We know that we will face even greater physical and social persecution than the early saints. That day is not far off. We may not see it coming until it is upon us, but it is coming none the less. The prophets see it coming and they are doing everything in their power to encourage us to commit ourselves to being obedient to the Lord and to follow His servants.
Someone asked me recently if I had a strong testimony. My answer surprised him. I told him I hoped that I have a sufficiently strong testimony. He wanted me to explain my response, so I told him that we don’t really know how strong our testimonies are until we have been put through trials in the furnace of affliction. It is only then that we know what we are capable of enduring and still remain faithful.
The manual also said this about the saints:
It took years for the Saints to quarry, transport, and shape the granite blocks for the construction of the temple. During this time, they struggled just to survive, as they lost crops to the elements, served missions in faraway lands, and accepted calls to leave their homes and establish communities in remote areas. In spite of these many challenges, the Saints persevered, and with the Lord’s help they prevailed.
The scriptures teach us that we are each temples of our God. We have sacred bodies that must be tutored, and brought under control in the service of the Lord. This work is done for not only His glory. As we glorify our Father He will also glorify us.
The rocks we hew (carve) for our own temple is done as we learn to be obedient in all things, at all times, in all circumstances. They are carved and assembled one sacrifice at a time as we learn to follow the Lord’s servants and fulfill all that is required of us, even when it is inconvenient, challenging, and down right difficult. Sometimes our challenges seem like more than we can bear. Yet the Lord has always promised His saints that when they are obedient He will lift them, bless them, and prosper them in the end.

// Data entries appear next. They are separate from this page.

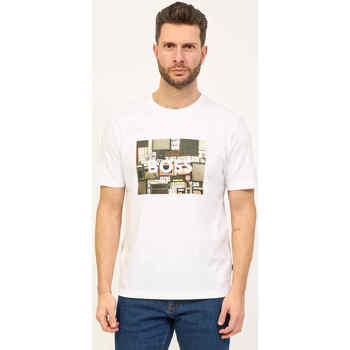 Vêtements Homme T-shirts & Polos BOSS T-shirt  à col rond en jersey de coton avec imprimé Blanc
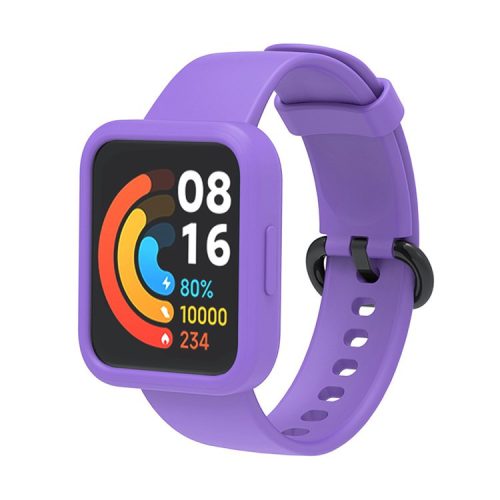 For Xiaomi Redmi Watch 2/Redmi Watch 2 Lite Solid Color Silicone Watch Band Strap + Drop-proof Watch Case - Purple/Black/Purple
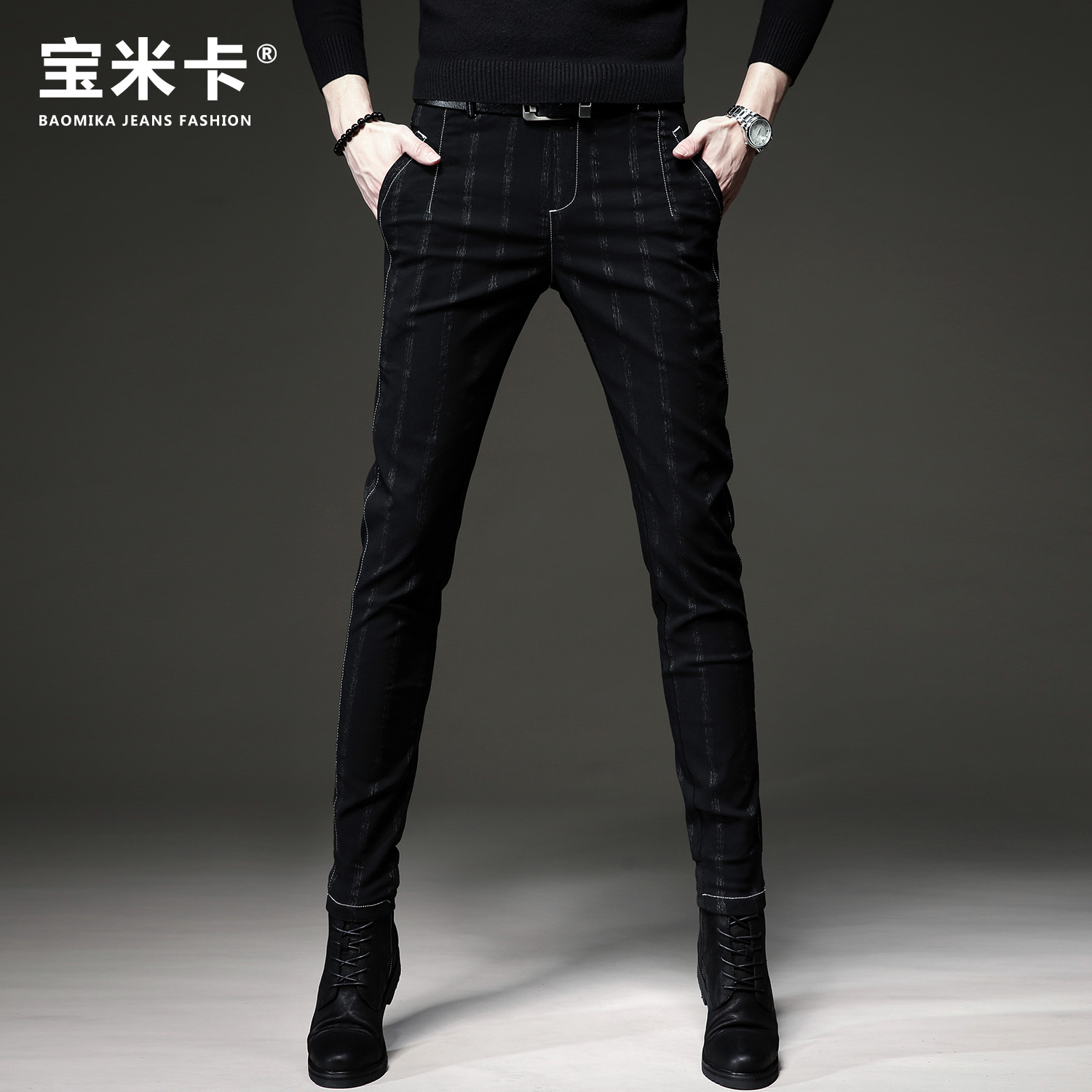 夏季新款原创潮牌轻奢条纹休闲裤男修身小脚韩版潮流束脚长裤子男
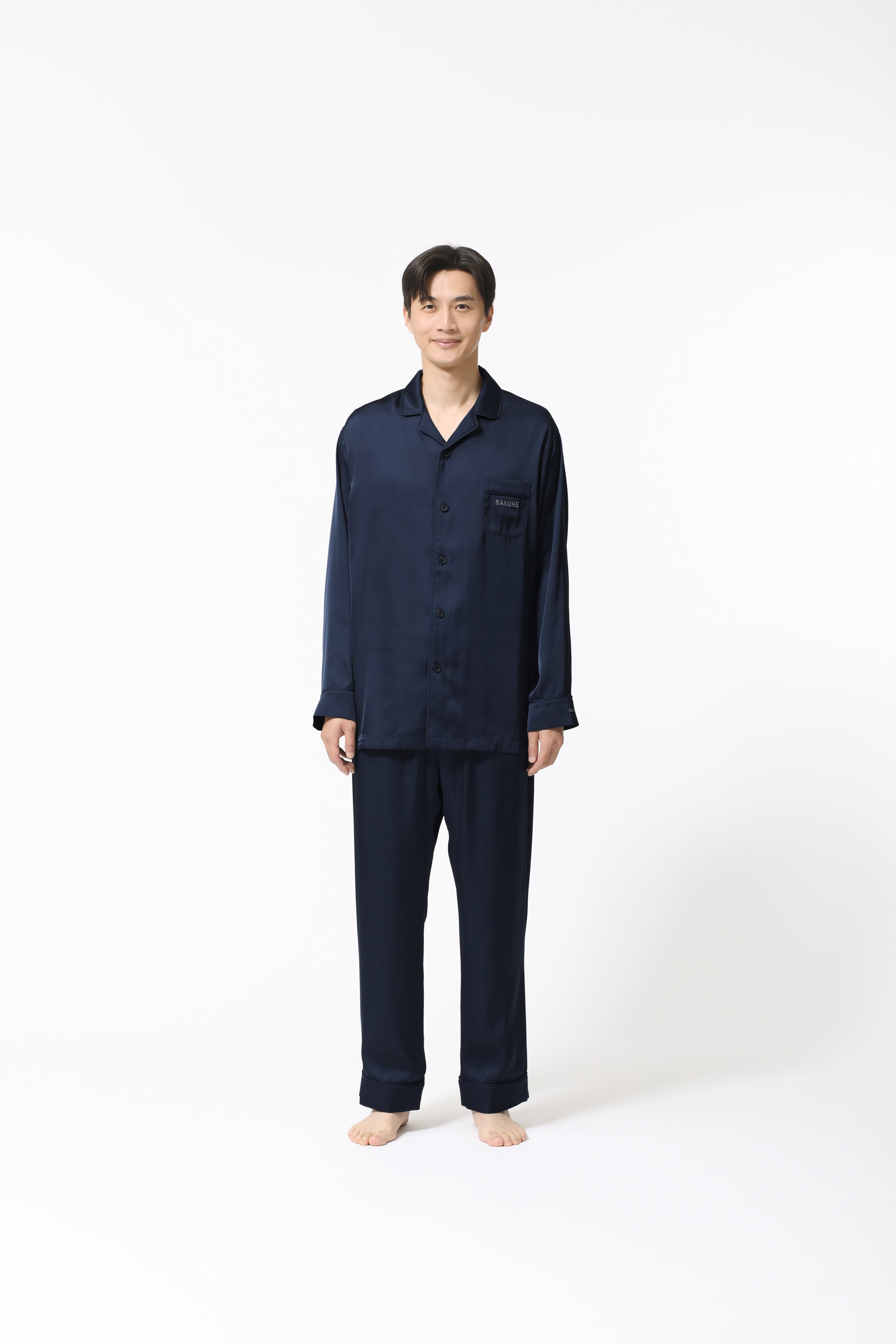 BAKUNE Pajamas Satin Long Sleeve Shirt / Long Pants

How were the saints able to make these kinds of sacrifices, seeing they were collectively so poor and destitute? They were able to do it because they learned to rely on each other. They supported each other. They put their faith in the Lord and trusted that He would keep His promises, even when it looked like there was no way His promises could be kept. In short, their trials had taught them the power of putting one’s faith in God.
This is the lesson we will also need to learn. And we need to understand that such lessons are not learned in the midst of ease and comfort. They can only be learned when our way seems to be hedged up on all sides and there appears to be no way forward. Only then can we have the opportunity to choose obedience and optimism based on the Lord’s promises.

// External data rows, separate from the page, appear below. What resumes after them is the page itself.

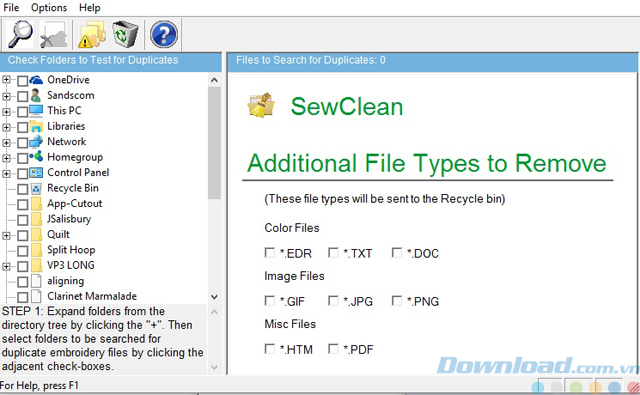 Giao diện của SewClean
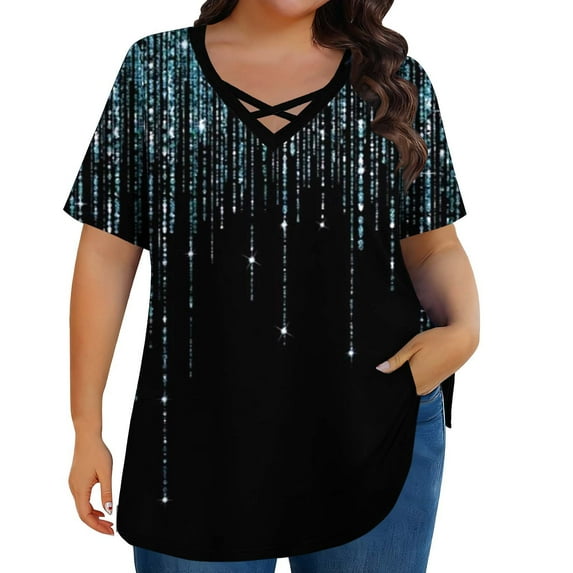 Womens Plus Size Graphic Tees Cross V Neck Loose Oversized Tshirts Casual Summer Trendy Tops(Dark Blue, 5XL)
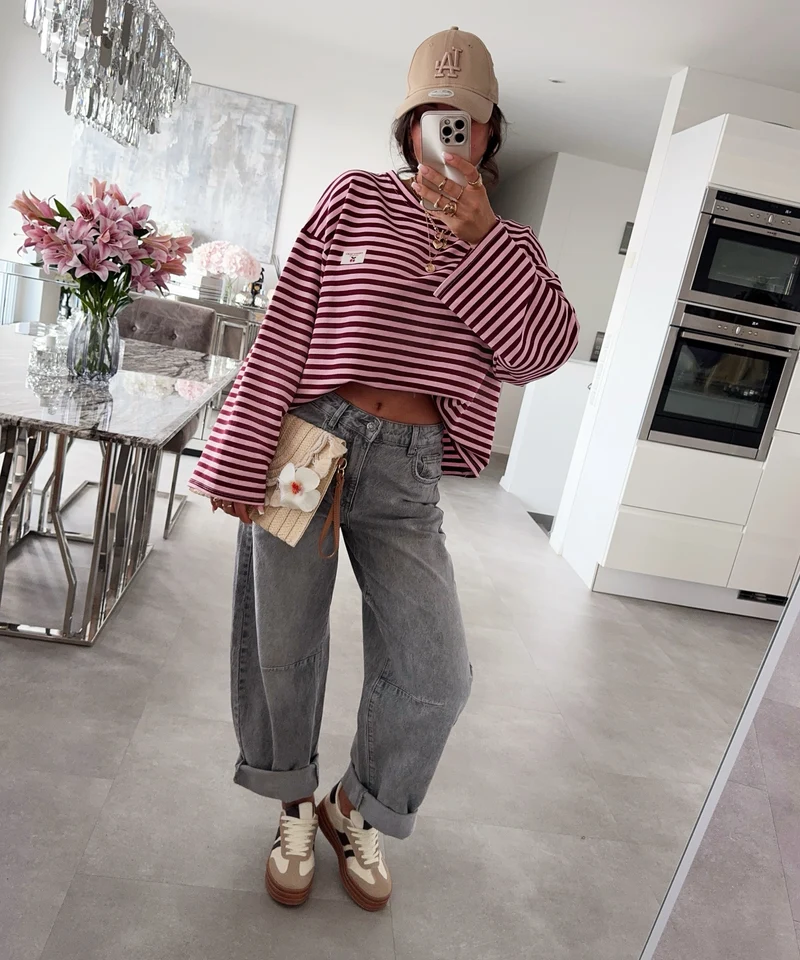 Langarmshirt Mixa Streifen Weinrot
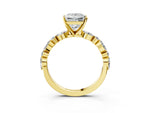 Princess Cut Diamond Solitaire Ring in Yellow gold with Shared Prong Marquise and Round Side Stones_39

Faith can only be learned in one way, and we must all pass through our personal “crossing of the plains with a handcart” experiences. We must all go through what the saints did when they were required over and over again to build yet another temple in another new place because they had been driven out of their last home.
What we go through in this life is not unique. We are not alone. Everyone who makes covenants with God and seeks to become like His son will have to go through such experiences. But if we recognize that the path back to our Father has to be traveled by everyone who wants to live with Him, and that we have the Love and support of our Savior and the Holy Ghost in the process, we can find the faith we need to make the personal sacrifices needed to prove that this is indeed what we want more than anything else in our lives. Once we can do that we can say that we have unshakable testimonies, and that we have truly been converted.